Kidnappings, hostage-taking, suicide bombings, and insurgent and terrorist attacks are at “critically high levels” in Afghanistan, Syria and Iraq. In Iran, the arrest and detention of U.S. citizens is a frequent occurrence, the State Department warns.
9. Keep an Eye Open in South Africa, Tanzania and Zimbabwe
Although much of South Africa, Tanzania and Zimbabwe are safe and welcoming to travelers, these countries do still come with their own cautions.
Tanzania is targeting and attacking members of the LGBTI community with harassment, unwarranted examinations and detention, and charges of unrelated crimes.
Zimbabwe and South Africa are experiencing crime and civil unrest as well, so if you visit you should monitor the news for breaking events and stay away from political rallies, demonstrations and crowds.

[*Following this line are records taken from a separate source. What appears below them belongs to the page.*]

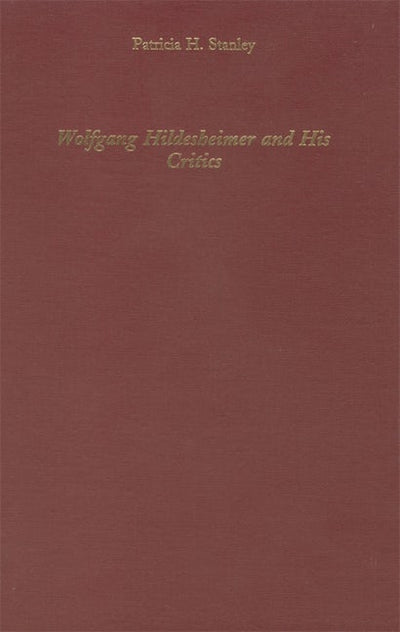 Wolfgang Hildesheimer and His Critics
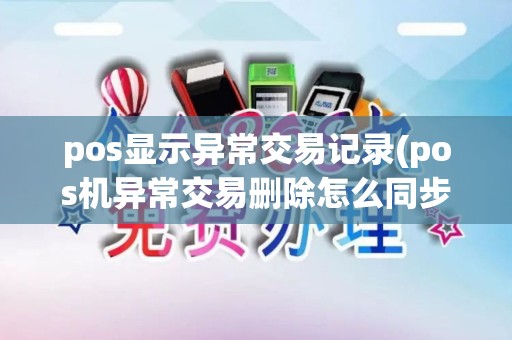 pos显示异常交易记录(pos机异常交易删除怎么同步)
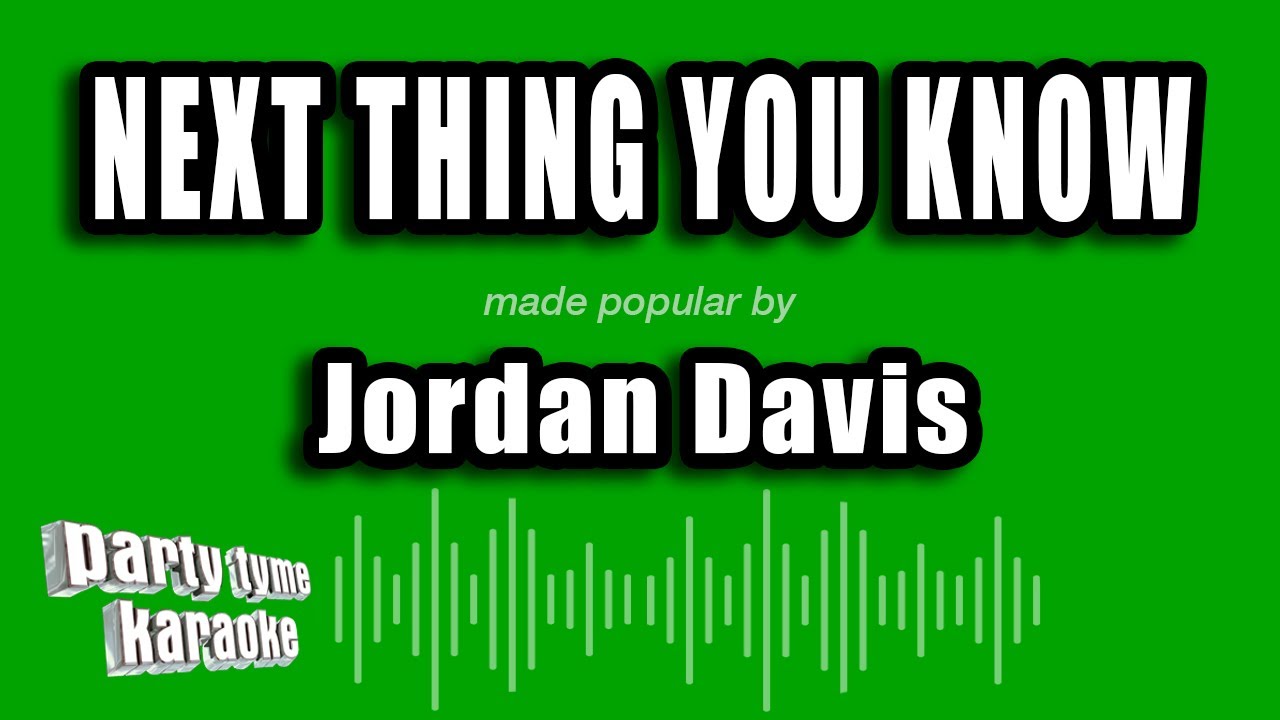 Jordan Davis - Next Thing You Know (Karaoke Version)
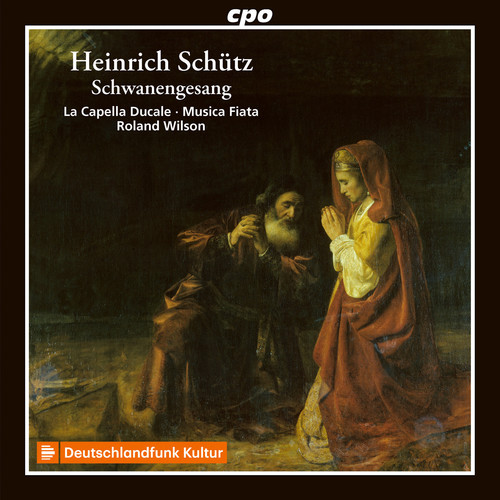 Schütz: Schwanengesang, Op. 13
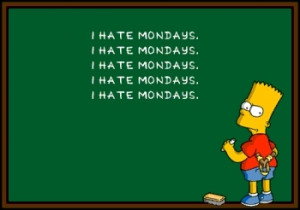 ... survey 99% people hates Mondays.And reasons to hate Monday are plenty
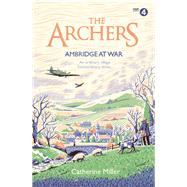 The Archers: Ambridge At War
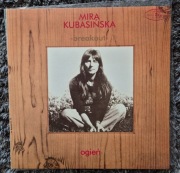 MIRA KUBASIŃSKA/ BREAKOUT - OGIEŃ - WINYL
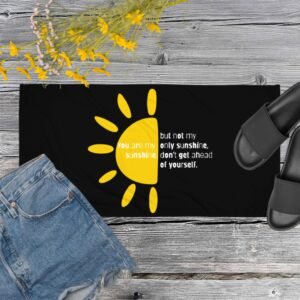 You Are My Sunshine, Towel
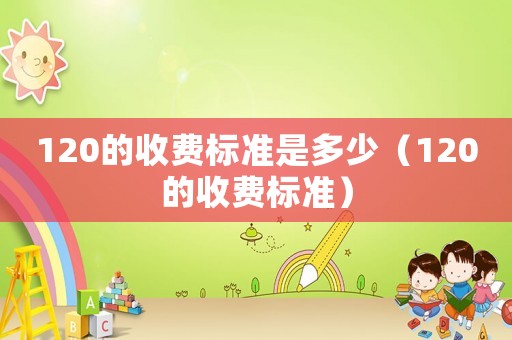 120的收費標(biāo)準是多少（120的收費標(biāo)準）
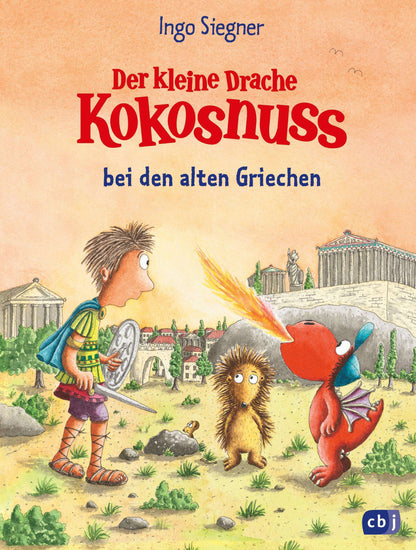 Der kleine Drache Kokosnuss bei den alten Griechen / Die Abenteuer des kleinen Drachen Kokosnuss Bd.32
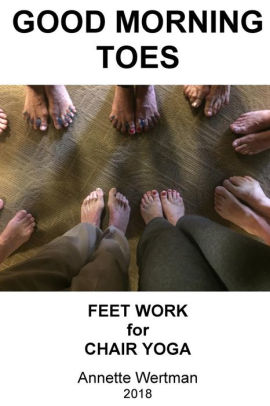 Good Morning Toes Feet Work For Chair Yoga By Annette Wertman Paperback Barnes Noble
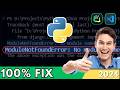 How to Fix Module Not Found Error in Python - ModuleNotFound Error (FIXED)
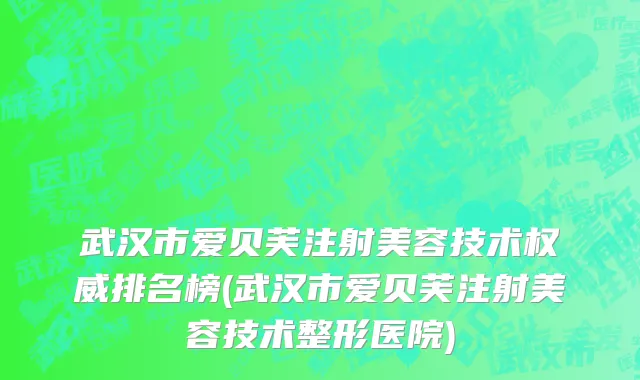 武汉市爱贝芙注射美容技术权威排名榜(武汉市爱贝芙注射美容技术整形医院)
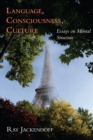 Language, Consciousness, Culture : Essays on Mental Structure - eBook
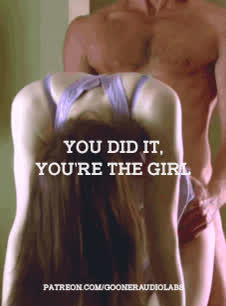 You did it, you're the girl.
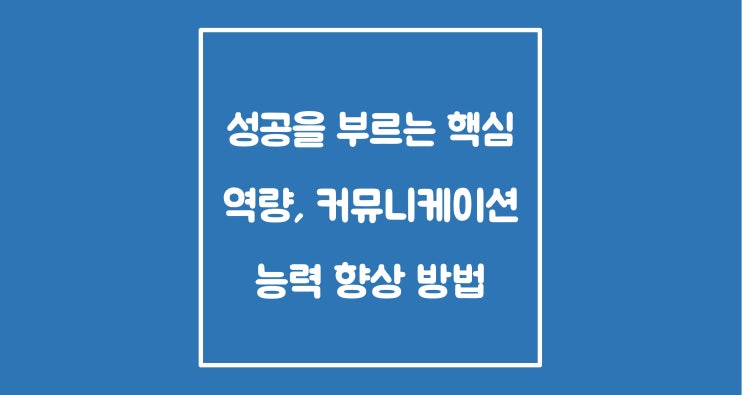  커뮤니케이션 스킬 향상 방법 - 성공을 부르는 핵심 역량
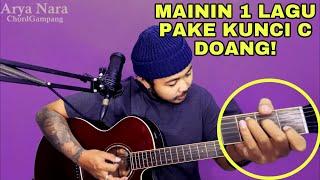 Mainin 1 lagu full cuman pake kunci C (Gitar)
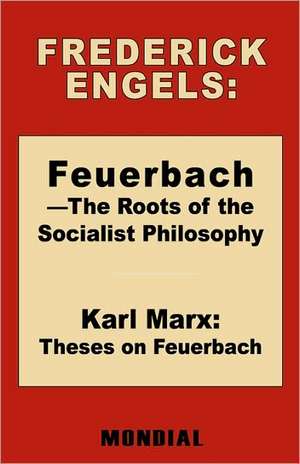 Feuerbach - The Roots of the Socialist Philosophy. Theses on Feuerbach de Frederick (Friedrich) Engels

8. Use Precaution in Chad, Niger, Nigeria, Congo and Sudan
Besides the countries marked absolutely unsafe to visit, there are several countries that have higher security risks, which Americans are urged to reconsider visiting.
The government warns of any travel to Sudan’s Darfur region, Blue Nile state and South Kordofan state; also be aware that other parts of the country are experiencing civil unrest and terrorism.
Niger is experiencing higher levels of crime and terrorism, and armed robbery is common. This is also the case in neighbouring Nigeria, where civil unrest and piracy are on the rise. Do not visit Borno and Tobe states or the northern Adamawa state of Nigeria due to terrorism.
Minefields along the borders of Libya and Sudan make Chad unsafe, along with its carjackings, muggings and crime, also found in Mauritania.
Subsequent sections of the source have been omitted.